You cannot write $O(f(n)) = n^3$ or $O(f(n)) = \log n$ since this is a "syntax error". Big O notation is not symmetric, and can only be used on the right-hand side, or in a chain of inequalities $f(n) = O(g(n)) = O(h(n))$ (formally, this means $f(n) \in O(g(n)) \subseteq O(h(n))$).

Your function $f(n)$ satisfies $f(n) = \Theta(n^2)$, as well as $f(n) = \Theta(n^2 + 2n + \log n)$, $f(n) = \Theta(n^2 + n)$, $f(n) = \Theta(17n^2 + n/\log n + 5\log\log n)$, and many more. Regarding big O and big Omega, there are even more options, for example $f(n) = O(n!^2)$ and $f(n) = \Omega(1/n)$.

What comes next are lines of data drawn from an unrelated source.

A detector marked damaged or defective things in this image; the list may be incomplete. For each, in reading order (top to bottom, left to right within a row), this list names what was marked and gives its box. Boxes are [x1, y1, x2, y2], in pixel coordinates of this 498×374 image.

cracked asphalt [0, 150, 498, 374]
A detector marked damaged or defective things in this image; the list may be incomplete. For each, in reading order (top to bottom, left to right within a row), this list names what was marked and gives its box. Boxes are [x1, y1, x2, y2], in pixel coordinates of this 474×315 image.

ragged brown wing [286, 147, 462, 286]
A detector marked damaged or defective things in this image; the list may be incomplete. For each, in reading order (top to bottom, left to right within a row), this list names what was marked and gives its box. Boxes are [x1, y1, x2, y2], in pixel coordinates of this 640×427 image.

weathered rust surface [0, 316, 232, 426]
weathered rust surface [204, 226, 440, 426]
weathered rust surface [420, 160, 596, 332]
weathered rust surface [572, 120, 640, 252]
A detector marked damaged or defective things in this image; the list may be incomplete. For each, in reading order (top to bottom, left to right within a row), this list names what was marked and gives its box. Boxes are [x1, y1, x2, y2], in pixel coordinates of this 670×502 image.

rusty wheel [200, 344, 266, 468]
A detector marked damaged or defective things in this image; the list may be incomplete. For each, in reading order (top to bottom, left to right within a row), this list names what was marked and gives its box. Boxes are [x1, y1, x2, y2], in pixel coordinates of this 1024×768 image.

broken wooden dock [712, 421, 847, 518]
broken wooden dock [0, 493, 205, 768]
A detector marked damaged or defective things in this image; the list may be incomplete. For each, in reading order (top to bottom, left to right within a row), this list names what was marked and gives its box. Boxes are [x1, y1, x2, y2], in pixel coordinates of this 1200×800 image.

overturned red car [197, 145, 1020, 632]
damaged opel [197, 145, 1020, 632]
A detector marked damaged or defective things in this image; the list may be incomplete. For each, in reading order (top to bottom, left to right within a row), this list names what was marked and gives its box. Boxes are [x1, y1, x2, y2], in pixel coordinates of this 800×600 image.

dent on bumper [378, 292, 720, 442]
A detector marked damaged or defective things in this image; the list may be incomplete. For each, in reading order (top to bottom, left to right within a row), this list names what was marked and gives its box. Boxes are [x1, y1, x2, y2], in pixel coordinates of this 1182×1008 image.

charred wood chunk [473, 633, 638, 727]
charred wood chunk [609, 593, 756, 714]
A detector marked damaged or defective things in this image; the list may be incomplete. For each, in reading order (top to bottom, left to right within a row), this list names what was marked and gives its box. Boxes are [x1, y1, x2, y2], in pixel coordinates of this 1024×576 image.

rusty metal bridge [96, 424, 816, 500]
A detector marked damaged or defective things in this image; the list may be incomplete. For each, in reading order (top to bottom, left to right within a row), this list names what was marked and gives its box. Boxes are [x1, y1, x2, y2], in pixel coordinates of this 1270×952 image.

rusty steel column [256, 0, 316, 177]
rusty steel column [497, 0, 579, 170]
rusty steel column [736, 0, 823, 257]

That said, when stating big Theta estimates, we are usually aiming for the simplest possible expression on the right, so in your case we are most satisfied with $f(n) = \Theta(n^2)$. With big O and big Omega, we are looking for both simplicity and tightness, which is why we would be most satisfied with $f(n) = O(n^2)$ and $f(n) = \Omega(n^2)$ ($f(n) = \Omega(\log n)$, for example, is simple but not tight).

The notation $f(n) = \Theta(g(n))$ means that for some constants $c,C>0$, $$ c \leq \frac{f(n)}{g(n)} \leq C. $$ In other words, $f(n),g(n)$ are the same up to a (multiplicative) constant. The notation $f(n) = O(g(n))$ corresponds to just the upper bound $f(n) \leq Cg(n)$, and $f(n) = \Omega(g(n))$ corresponds to just the lower bound $f(n) \geq cg(n)$.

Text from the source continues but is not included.